EXERCISE
Write out the listing exactly, dropping any picture it contains.
INPUT DATA START
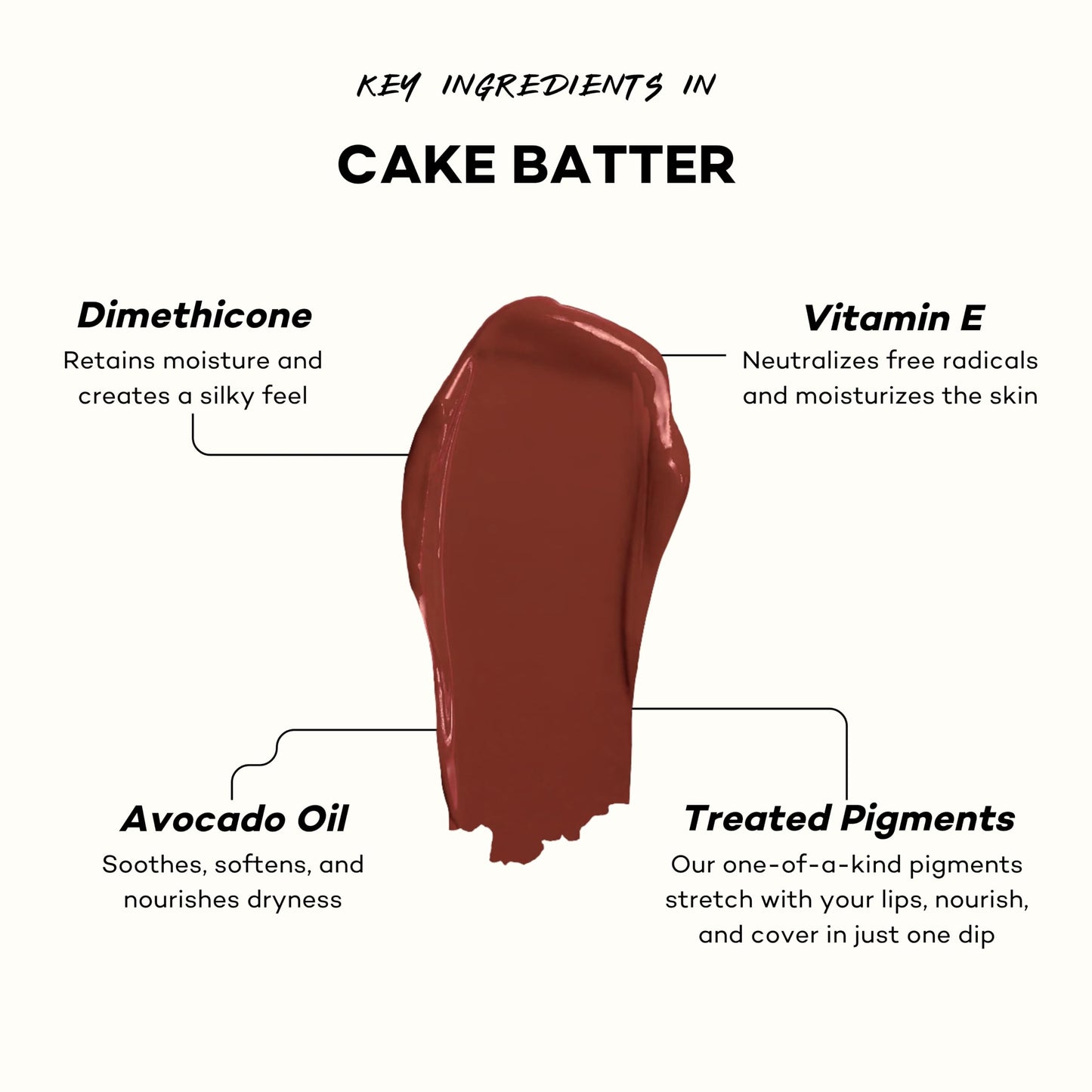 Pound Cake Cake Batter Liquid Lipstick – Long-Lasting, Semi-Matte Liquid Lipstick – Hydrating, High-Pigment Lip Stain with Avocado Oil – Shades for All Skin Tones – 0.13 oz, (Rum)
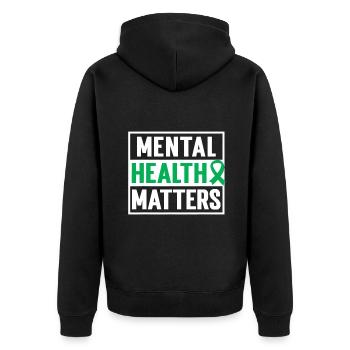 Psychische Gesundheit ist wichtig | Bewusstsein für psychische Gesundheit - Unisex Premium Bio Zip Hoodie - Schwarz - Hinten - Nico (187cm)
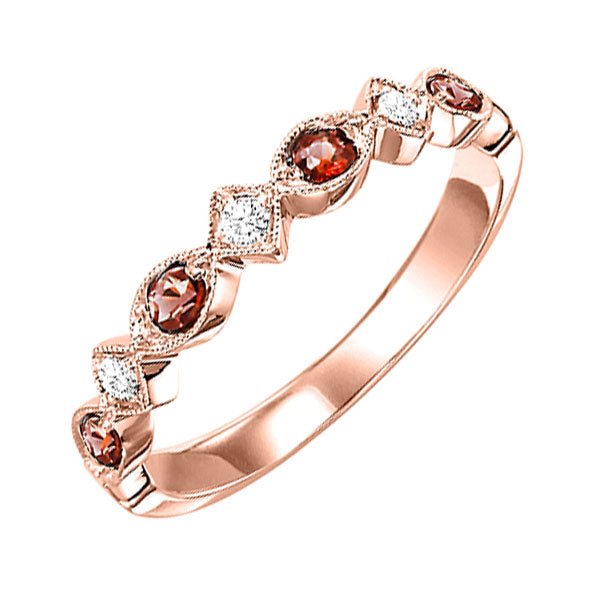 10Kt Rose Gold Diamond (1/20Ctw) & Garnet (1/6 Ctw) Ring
INPUT DATA END
EXERCISE RESPONSE
 Pound Cake Cake Batter Liquid Lipstick – Long-Lasting, Semi-Matte Liquid Lipstick – Hydrating, High-Pigment Lip Stain with Avocado Oil – Shades for All Skin Tones – 0.13 oz, (Rum)
 Psychische Gesundheit ist wichtig | Bewusstsein für psychische Gesundheit - Unisex Premium Bio Zip Hoodie - Schwarz - Hinten - Nico (187cm)
 10Kt Rose Gold Diamond (1/20Ctw) & Garnet (1/6 Ctw) Ring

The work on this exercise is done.